Bloodletting: Why Controlled Experiments are Important

Bloodletting: Why Controlled Experiments are Important

I want to start this post with the last paragraph of this article:

Next time someone tells you that they are sure their idea will work, consider running a prototype in a controlled experiment, and make a data driven decision!

Now – the article itself is in the context of Microsoft software development, but this is what "lean thinking" is all about.

In the Toyota Production System, processes and the organization are deliberately constructed so that a kaizen experiment in one area is unlikely to affect another – at least not before there is ample warning and opportunity to reverse the change.

Every production cycle itself is conducted as a controlled experiment testing the hypothesis that the process:

  • Can be conducted as specified.
  • Delivers the specified results.

Of course – and here is the key point – it is only an experiment if someone actually examines what really happens. And this is the fundamental difference that is captured in the quote at the top.

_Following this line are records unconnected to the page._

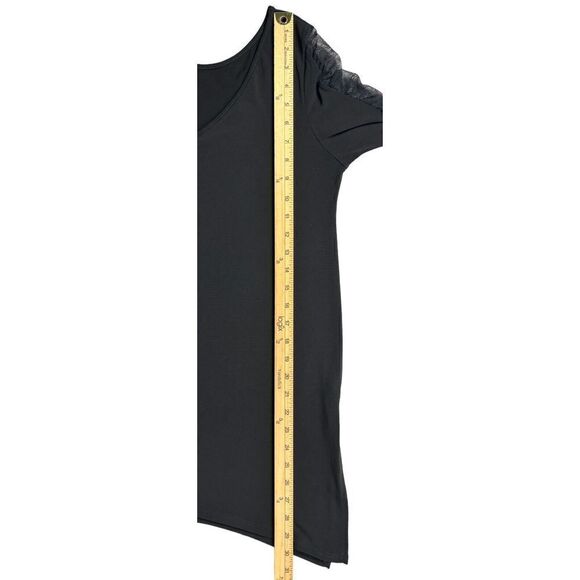 Clara Sun Woo Tunic Size XS Black V Neck Sheer Mesh Ruched Sleeve Long Lagenlook - Picture 9 of 10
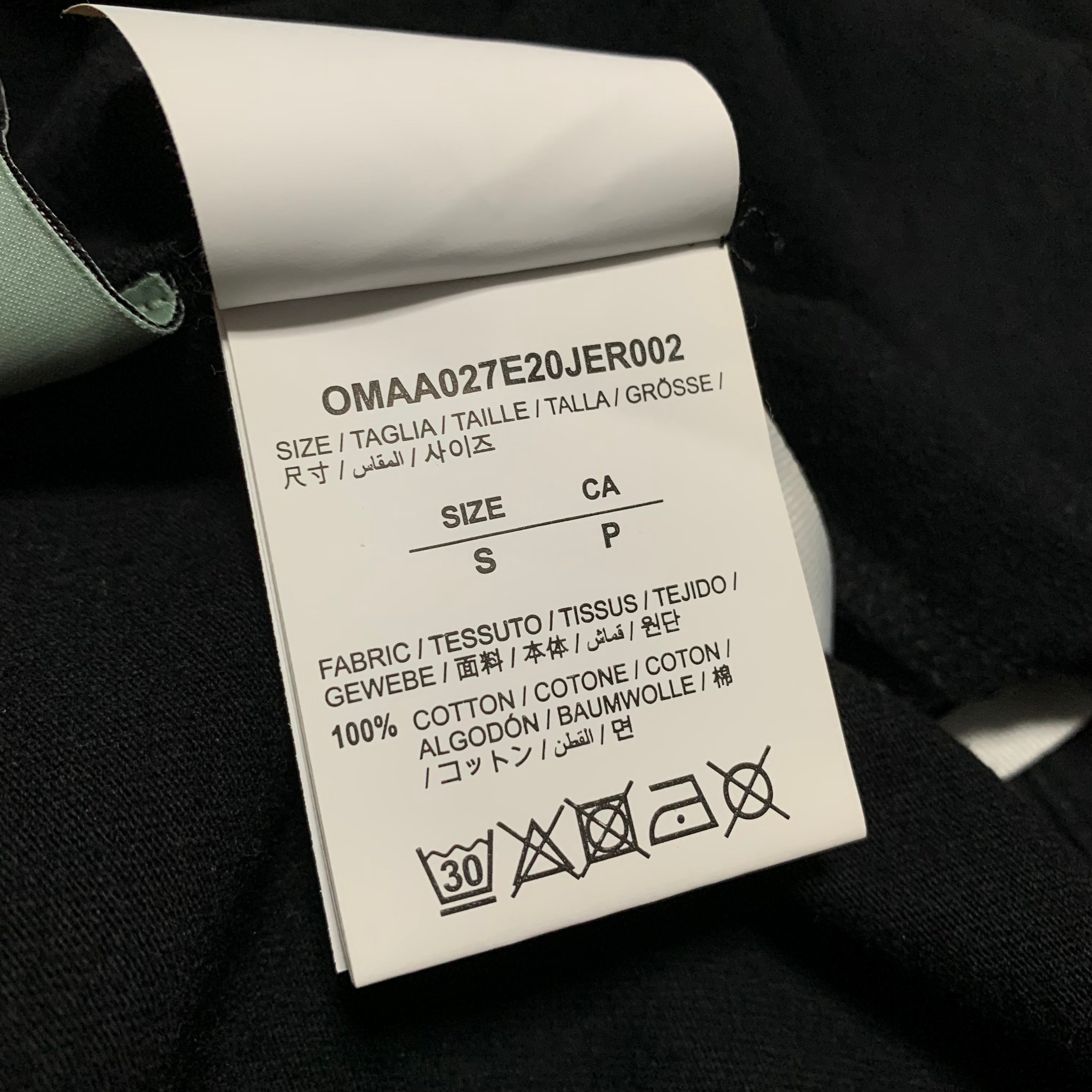 Off White Small Hand Logo Black Tee Virgil Abloh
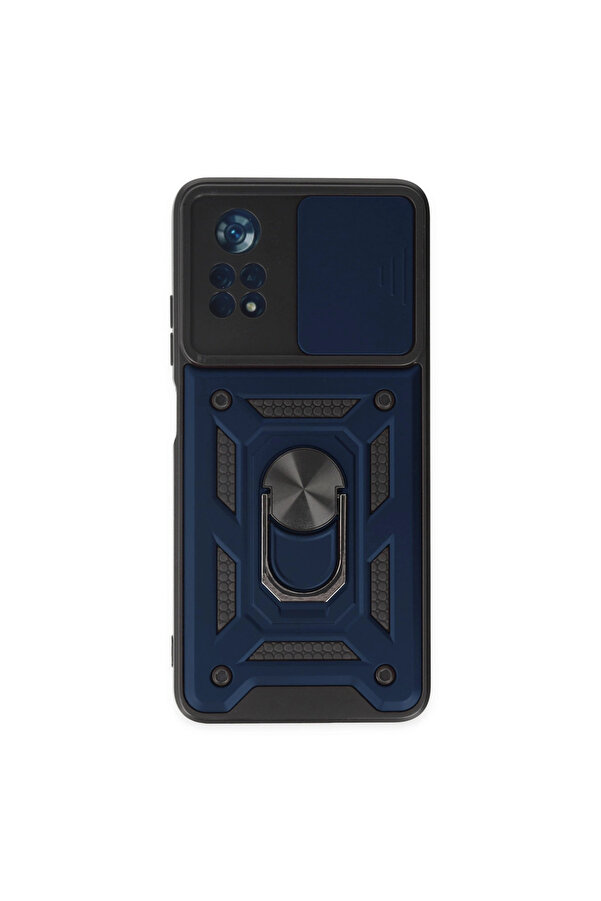 Evi̇mdeyokyok Xi̇aomi̇ Poco X4 Pro 5G Kılıf Pars Lens Yüzüklü Si̇li̇kon - Laci̇vert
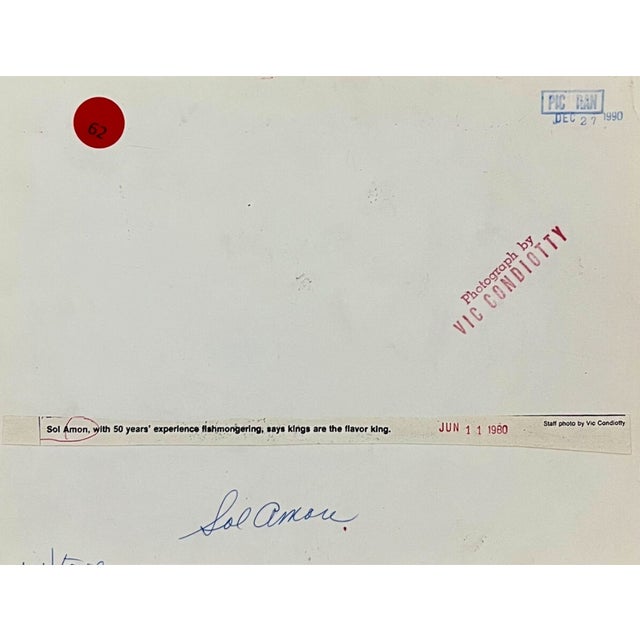 1980 black and white photograph of Sol Amon, a longtime fishmonger at Pike Place in downtown Seattle by long time Seattle...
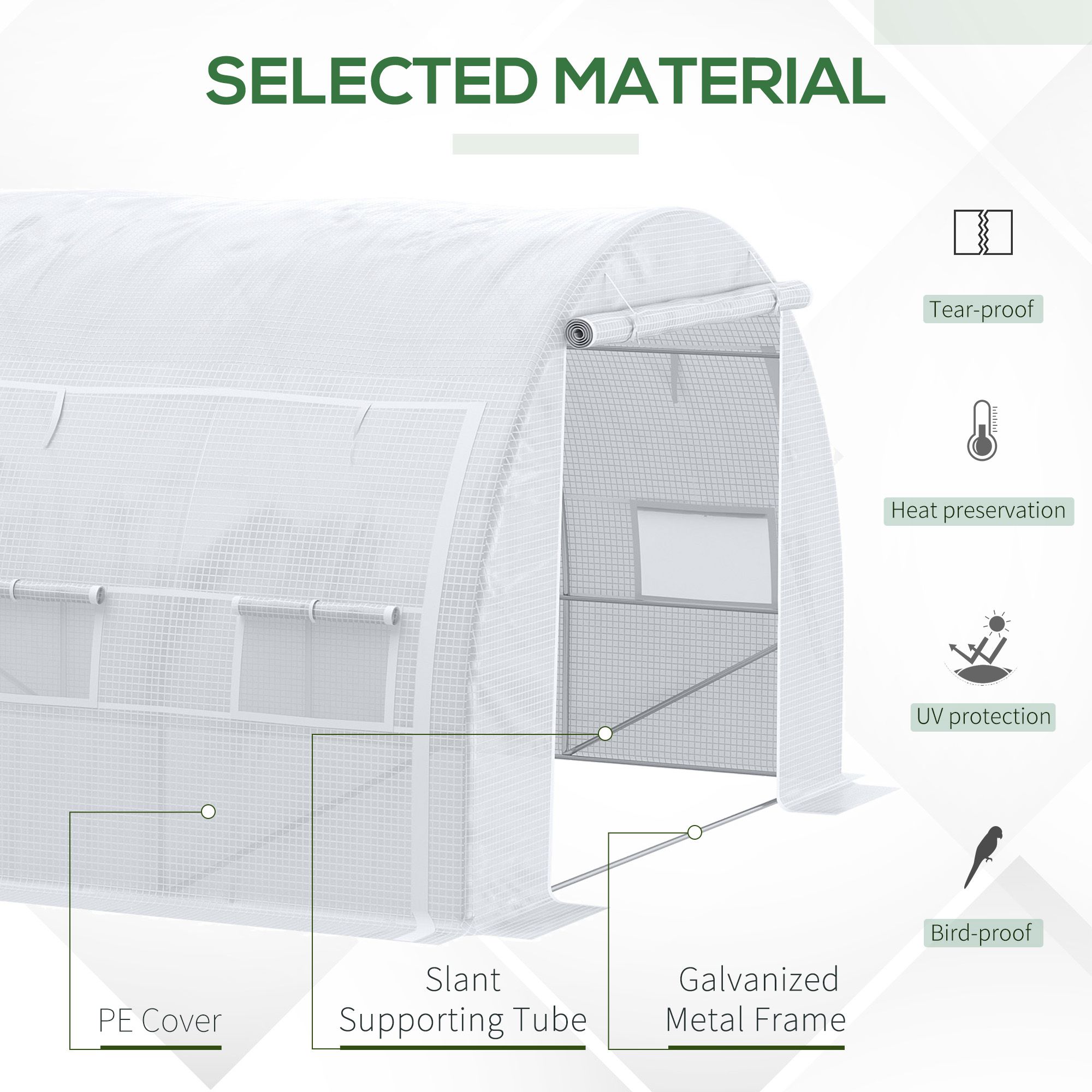 Outsunny 4 x 3 x 2 m Polytunnel Greenhouse with Roll-up Side Walls, Walk-in Grow House Tent with Steel Frame, Reinforced Cover, Zipped Door and 12 Mesh Windows for Garden, White 4
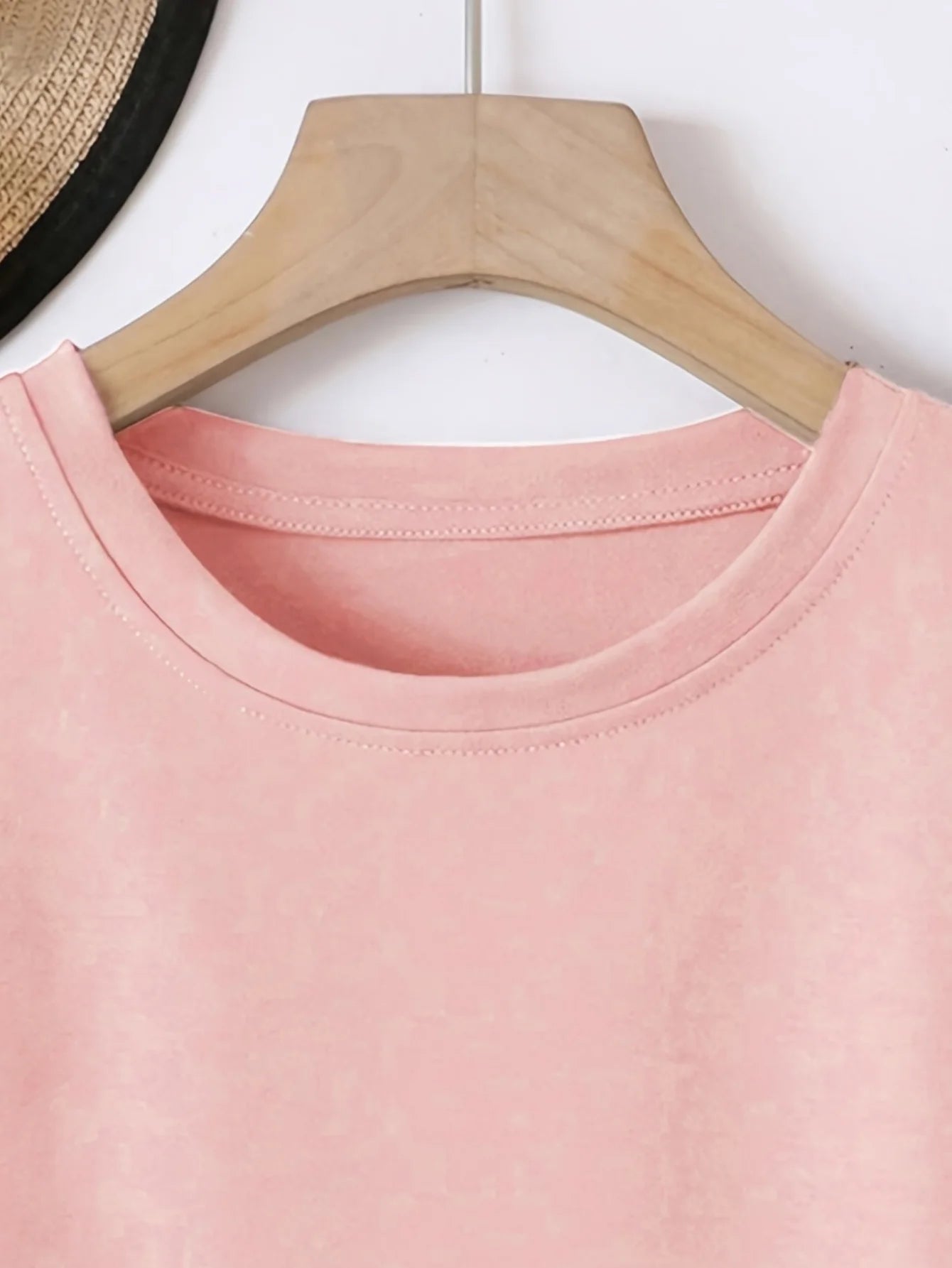 Women's Short-Sleeve Elastic Crew Neck T-Shirt Spring/Summer Casual Fashion Trendy Top Spring Style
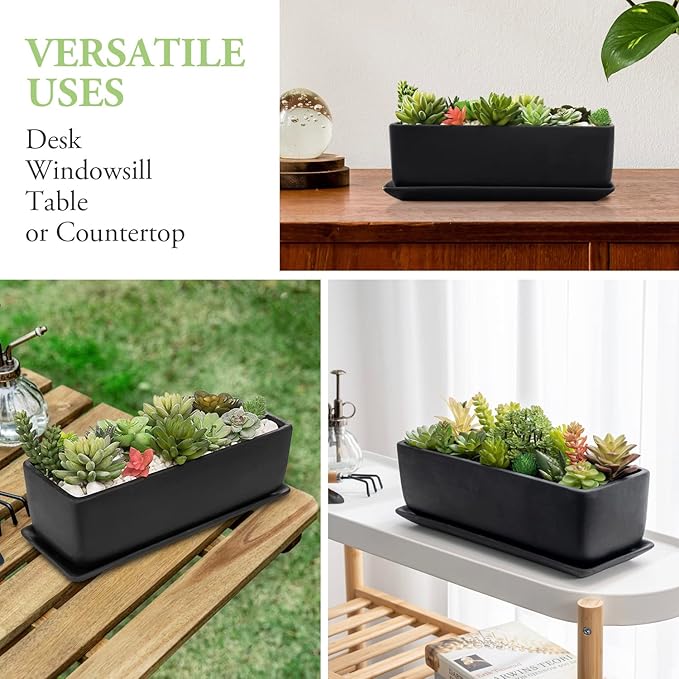 MyGift 14 Inch Ceramic Indoor Plant Pot, Rectangular Succulent Planter, Decorative Flower Planter with Drainage Hole and Removable Tray, Matte Black MyGiftHome
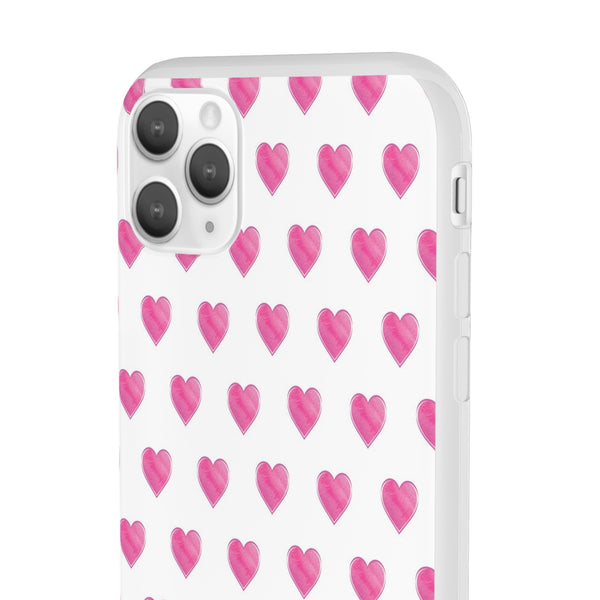 Flexible Phone Case - Preppy Hearts Watercolor Pink - Clear Shell pink Hearts - your case color will show through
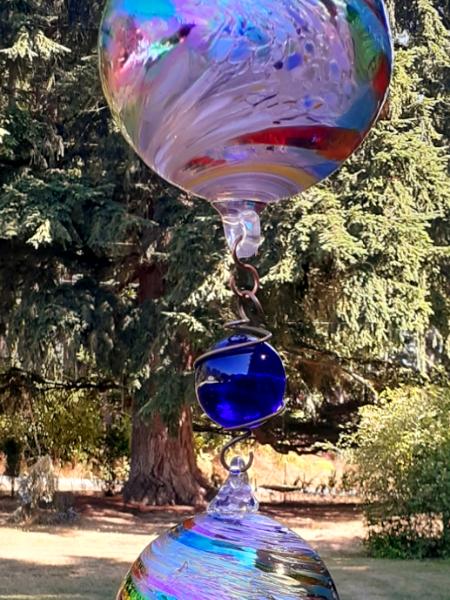 #08042521 three Hanging Ball Sculpture Iridised Upgrade  Lg-6.25'' Med-5'' Sm-4''  29'' Long $280.00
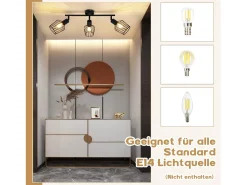 NETTLIFE 3 lámparas de techo E14 - Metal, iluminación industrial giratoria hasta 350°, lámpara de pared para el pasillo y la sala de estar, negro.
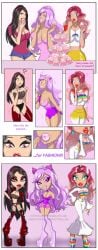 3girls bimbo_lips bratz bratz_face bratzification cake choker comic dollification female food high_heels huge_ass huge_breasts kittymellow lips makeup multiple_girls revealing_clothes tagme thick_lips thick_thighs transformation wide_hips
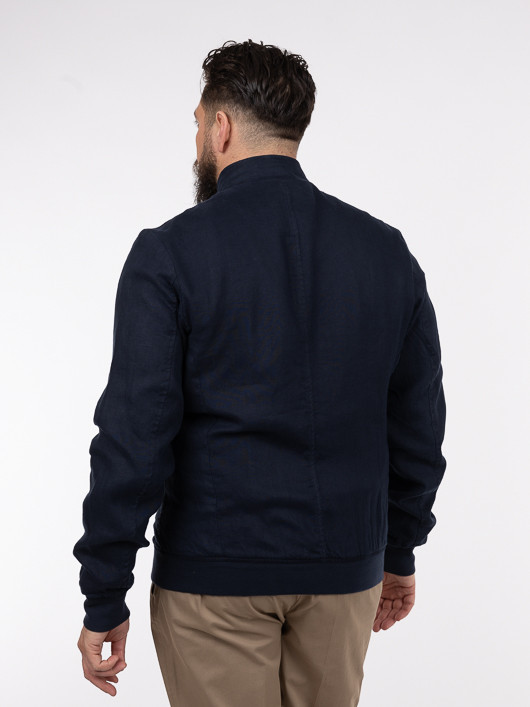 Blouson En Lin Marine Capel Grande Taille  homme grande taille - Capelstore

A truly lean process has built in checks that check, each and every time, whether the idea works. Any time an idea doesn’t work, there is an expectation that the process will be stopped and understood.

Continuing to blindly produce, without knowing if each and every process is working as planned, without knowing if the result is as planed each and every time is being sure it will work. It is bloodletting.

Don’t bleed your process, or your company, to death with things you "know will work."

One Reply to “Bloodletting: Why Controlled Experiments are Important”

  1. Interesting post. So many times we have tried new ideas here where I work. And after a while we have wondered if it made a difference. Sometimes I actually have even wondered if the new idea was really executed.

    When trying to change things there is much to do in terms of followup, checking and measuring.